── Provided entries
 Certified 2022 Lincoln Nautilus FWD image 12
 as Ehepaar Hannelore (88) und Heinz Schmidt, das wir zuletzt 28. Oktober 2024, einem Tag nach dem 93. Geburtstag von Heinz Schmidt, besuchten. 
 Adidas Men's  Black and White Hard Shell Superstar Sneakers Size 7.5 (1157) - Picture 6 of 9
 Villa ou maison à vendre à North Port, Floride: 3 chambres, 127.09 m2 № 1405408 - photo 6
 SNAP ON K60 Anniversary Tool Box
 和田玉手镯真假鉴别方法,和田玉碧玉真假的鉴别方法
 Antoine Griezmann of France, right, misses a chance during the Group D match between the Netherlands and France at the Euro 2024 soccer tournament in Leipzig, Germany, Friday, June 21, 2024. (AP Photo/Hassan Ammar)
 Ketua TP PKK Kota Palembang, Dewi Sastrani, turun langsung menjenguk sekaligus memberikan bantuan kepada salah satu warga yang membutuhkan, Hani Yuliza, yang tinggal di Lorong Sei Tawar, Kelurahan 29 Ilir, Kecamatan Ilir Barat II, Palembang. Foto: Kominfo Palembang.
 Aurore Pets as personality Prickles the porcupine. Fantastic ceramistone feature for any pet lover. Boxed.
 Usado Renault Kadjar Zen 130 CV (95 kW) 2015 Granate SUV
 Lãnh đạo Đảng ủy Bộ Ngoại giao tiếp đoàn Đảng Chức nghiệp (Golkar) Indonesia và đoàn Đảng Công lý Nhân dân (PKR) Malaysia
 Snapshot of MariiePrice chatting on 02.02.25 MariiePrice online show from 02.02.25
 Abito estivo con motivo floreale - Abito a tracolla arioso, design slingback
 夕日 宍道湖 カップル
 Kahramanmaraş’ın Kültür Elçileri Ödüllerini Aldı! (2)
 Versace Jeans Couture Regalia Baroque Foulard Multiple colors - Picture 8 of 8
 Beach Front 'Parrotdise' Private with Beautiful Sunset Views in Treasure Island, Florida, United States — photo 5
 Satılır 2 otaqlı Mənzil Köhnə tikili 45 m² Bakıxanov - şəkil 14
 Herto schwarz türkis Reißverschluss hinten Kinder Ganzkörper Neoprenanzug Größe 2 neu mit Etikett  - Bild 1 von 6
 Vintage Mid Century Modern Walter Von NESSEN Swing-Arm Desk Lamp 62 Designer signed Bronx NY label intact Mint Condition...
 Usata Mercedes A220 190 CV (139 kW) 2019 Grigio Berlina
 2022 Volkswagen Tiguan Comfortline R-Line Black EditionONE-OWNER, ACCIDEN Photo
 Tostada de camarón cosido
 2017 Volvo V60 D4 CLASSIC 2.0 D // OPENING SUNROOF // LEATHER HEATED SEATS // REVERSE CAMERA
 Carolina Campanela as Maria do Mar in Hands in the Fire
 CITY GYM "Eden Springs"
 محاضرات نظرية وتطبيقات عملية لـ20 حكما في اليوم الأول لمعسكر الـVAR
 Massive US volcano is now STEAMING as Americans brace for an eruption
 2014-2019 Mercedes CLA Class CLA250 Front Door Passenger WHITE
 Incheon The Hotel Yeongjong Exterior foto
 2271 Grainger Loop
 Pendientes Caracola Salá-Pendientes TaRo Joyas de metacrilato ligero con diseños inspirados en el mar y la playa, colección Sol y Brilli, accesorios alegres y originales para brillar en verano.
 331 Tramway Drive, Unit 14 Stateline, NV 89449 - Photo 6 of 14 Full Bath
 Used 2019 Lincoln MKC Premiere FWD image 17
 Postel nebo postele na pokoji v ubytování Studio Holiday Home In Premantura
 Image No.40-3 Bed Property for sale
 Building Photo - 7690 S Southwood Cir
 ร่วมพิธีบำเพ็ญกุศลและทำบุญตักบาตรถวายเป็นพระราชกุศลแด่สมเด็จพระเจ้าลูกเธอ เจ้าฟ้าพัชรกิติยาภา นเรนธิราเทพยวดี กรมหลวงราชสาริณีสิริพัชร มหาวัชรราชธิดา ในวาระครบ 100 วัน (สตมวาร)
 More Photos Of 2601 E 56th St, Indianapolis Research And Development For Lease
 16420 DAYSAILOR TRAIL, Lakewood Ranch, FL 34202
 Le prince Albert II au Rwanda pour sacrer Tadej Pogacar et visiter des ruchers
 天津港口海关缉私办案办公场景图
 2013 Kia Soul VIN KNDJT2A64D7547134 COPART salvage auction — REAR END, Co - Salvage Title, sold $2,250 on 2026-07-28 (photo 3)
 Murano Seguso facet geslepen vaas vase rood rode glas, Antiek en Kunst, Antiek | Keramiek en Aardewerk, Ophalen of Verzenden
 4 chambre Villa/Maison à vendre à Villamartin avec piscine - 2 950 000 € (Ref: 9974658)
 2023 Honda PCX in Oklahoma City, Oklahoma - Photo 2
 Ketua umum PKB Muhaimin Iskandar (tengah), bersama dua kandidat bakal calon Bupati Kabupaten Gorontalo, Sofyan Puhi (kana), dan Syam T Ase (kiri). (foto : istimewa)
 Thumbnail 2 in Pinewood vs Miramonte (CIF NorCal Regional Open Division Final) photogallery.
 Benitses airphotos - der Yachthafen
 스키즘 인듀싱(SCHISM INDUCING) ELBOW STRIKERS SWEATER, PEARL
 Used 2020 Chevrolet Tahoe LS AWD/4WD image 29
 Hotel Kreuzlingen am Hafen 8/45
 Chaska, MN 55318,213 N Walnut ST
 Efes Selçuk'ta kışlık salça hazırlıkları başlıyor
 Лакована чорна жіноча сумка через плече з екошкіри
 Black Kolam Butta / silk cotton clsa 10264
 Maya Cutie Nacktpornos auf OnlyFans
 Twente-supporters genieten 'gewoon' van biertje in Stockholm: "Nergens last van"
────
• [Task item]:
Filter the material for the word "Picture" and copy each matching line.

• [Task solution]:
 Adidas Men's  Black and White Hard Shell Superstar Sneakers Size 7.5 (1157) - Picture 6 of 9
 Versace Jeans Couture Regalia Baroque Foulard Multiple colors - Picture 8 of 8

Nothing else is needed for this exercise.